Dieser Passus beschreibt etwas Unmögliches. Zum einen können ÖPP-Modelle niemals wirtschaftlicher sein, wie die Rechnungshöfe wiederholt bestätigt haben, da nur die öffentliche Hand den zinsgünstigsten Kredit am Markt aufnehmen kann, während der private Geldgeber neben den höheren Kosten für einen Kredit auch eine Rendite erwirtschaften muss. Zum zweiten ist die geforderte Transparenz bei geheimgehaltenen Vertragswerken, die zudem mehrere tausend Seiten umfassen können, defacto ausgeschlossen. Dennoch braucht es das Konzept der Öffentlich-Rechtlichen Partnerschaft, um die absurde Schuldenbremse weiter rechtfertigen zu können und das Problem der teuren Rechnung in die Zukunft zu verlagern.
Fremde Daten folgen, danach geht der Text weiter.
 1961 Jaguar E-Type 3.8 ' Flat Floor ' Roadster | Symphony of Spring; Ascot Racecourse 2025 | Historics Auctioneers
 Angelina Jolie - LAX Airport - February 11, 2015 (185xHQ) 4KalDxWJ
Wir brauchen höhere Steuern und höhere Schulden, um der Jugend, die ihrer Gegenwart bereits beraubt wurde, nicht auch noch die Zukunft zu nehmen, schrieb ich am 4. Juli. So eine Forderung ist unpopulär und wird mitunter als widersinnig angesehen, da alles und jeder in dieser Gesellschaft wie in der Politik nach ausgeglichenen Haushalten strebt. Eine schwarze Null ist das Pfund, mit dem jede Bundesregierung für sich wirbt. Doch haben auch ausgeglichene Haushalte und das permanente Suchen nach einer Begrenzung staatlicher Ausgaben ihren Preis, den jemand bezahlen muss. Das wird immer verschwiegen, wenn Politiker, die über den Staatshaushalt bestimmen, rein betriebswirtschaftlich denken.
Die schwarze Null in Deutschland, wenn sie denn kommt, ist teuer erkauft. Was in der Bilanz nach Stabilität aussieht, bröckelt in der realen Welt als Putz sprichwörtlich von den Wänden. Bund, Länder und Kommunen schieben einen riesigen Investitionsbedarf bei Straßen, Schulen und sozialen Einrichtungen vor sich her. So hübsch die Zahlen auch sein mögen, sie können nicht über die maroden Zustände der öffentlichen Infrastruktur hinwegtäuschen. Auf die ist die Jugend von heute wie auch in der Zukunft aber angewiesen.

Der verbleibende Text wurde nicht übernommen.